Building A House: The Walls
In America, we take for granted that we have solid walls in our homes that protect us from the sun, wind, rain, snow, and other elements along with intruders. We all have windows and doors in our homes that lock and keep us safe.
In Xenacoj, Guatemala, many of the homes are built with walls that are made of cornstalks woven together. There are no windows or closing/locking doors on homes with this wall type. If you are more wealthy, your home might be built with cinder blocks.
The home we built was built with wood framed walls and was covered with wood tongue and groove siding. This was definitely a rare form of construction for this neighborhood, but it will make all the difference for the family who received this house. Along with wooden walls to protect them from the elements, the house had three windows and a front door that closed and locked.

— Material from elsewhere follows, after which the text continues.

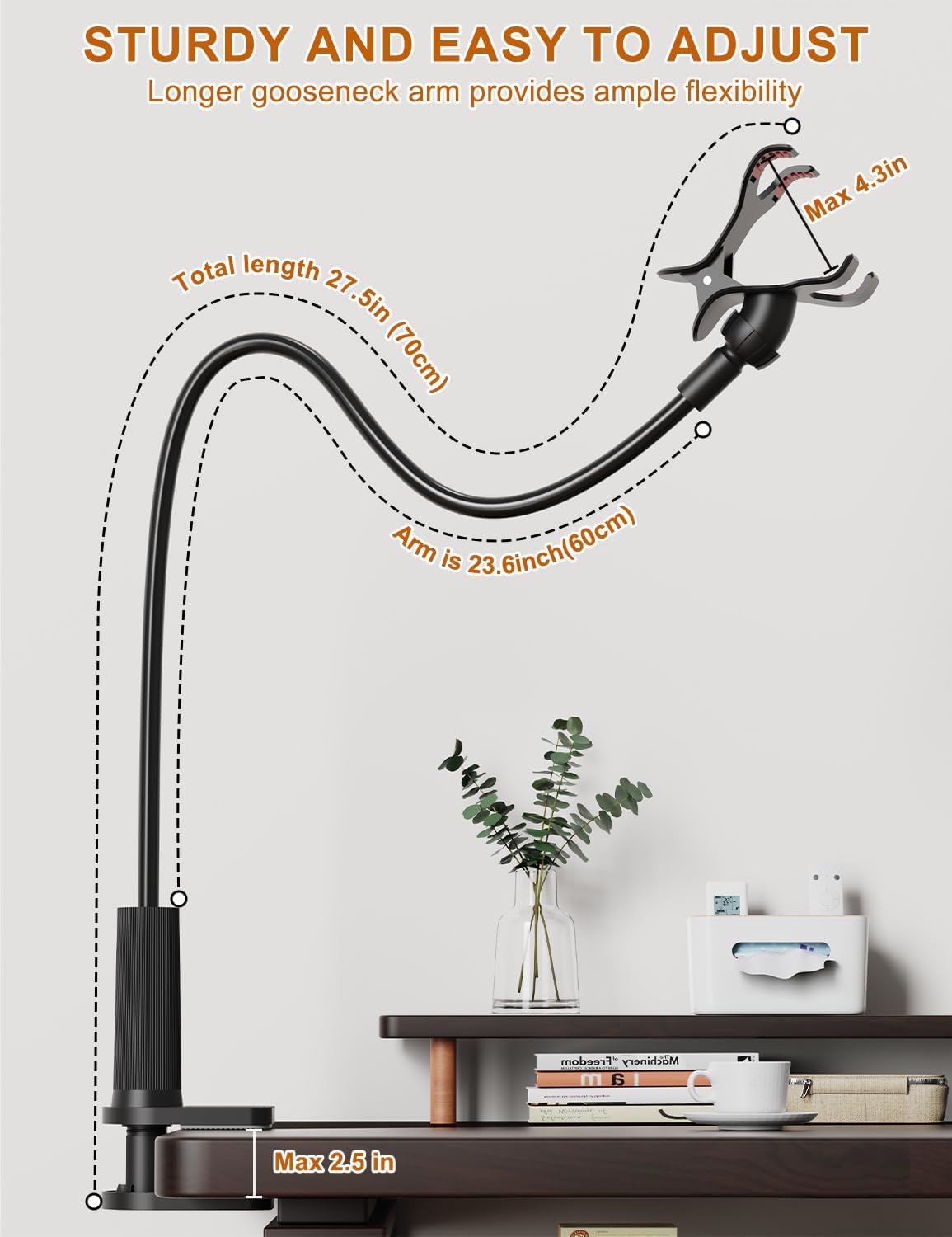 Phone Holder for Bed, Gooseneck Phone Holder for Desk Bedside Table, Flexible Gooseneck Long Arm Stand with Adjustable 360°Cell Phone Mount Clamp Clip for iPhone and All 4-7" Phone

I had the pleasure of working with a couple of teams that installed the wooden siding on the houses. This was a fun project as we could rapidly see the house coming together through the efforts of our labor.
All the kids did a tremendous job throughout the entire project, so the story I’m about to share isn’t meant to slam their efforts or craftmanship. I simply share the story to help me remember a valuable truth that we learned while working on one side of the house.
The back wall of the house was twenty feet long which meant we needed to install a minimum of two pieces of siding for each row of siding that made its way up the side of the house. Before we started, a chalk line was used to mark the top of the first row of siding. I’m not sure if the chalk line wasn’t quite correct or if we just had trouble the first row. At any rate, a small unevenness in the first two pieces of siding made it a real challenge to complete the rest of the side of the house. As the team continued to install pieces of siding, it was obvious with each row that something wasn’t quite right. By the time we finished the side, we were able to make the necessary corrections to finish the side, but we learned some great lessons along the way.
First, we learned to measure twice and cut once. I don’t think we wasted many pieces, but there were a few times where we needed to make slight adjustments to cuts because a measurement wasn’t quite right.
Second, we learned that teamwork can have an amazing impact. Working together, I saw teams perform a task that they had never dreamed of completing before. As I stated before, these walls went up pretty quickly – especially when everything went right.
Third, it’s important to get started on the right foot. This is my best advice to anyone who is starting something new – like college, a new hobby, a home improvement project, a new job, and even a new year of school. Getting started well makes things a lot easier down the road. But we also shouldn’t lose hope if we got off on the wrong foot. It may take a lot more work and even some rework, but things can be fixed. It just isn’t the most efficient or effective way to get things done.
I’m so thankful for the lessons learned while building walls for the house!
What do you have coming up in your life that could benefit from a good start? What kind of walls do you have on your house?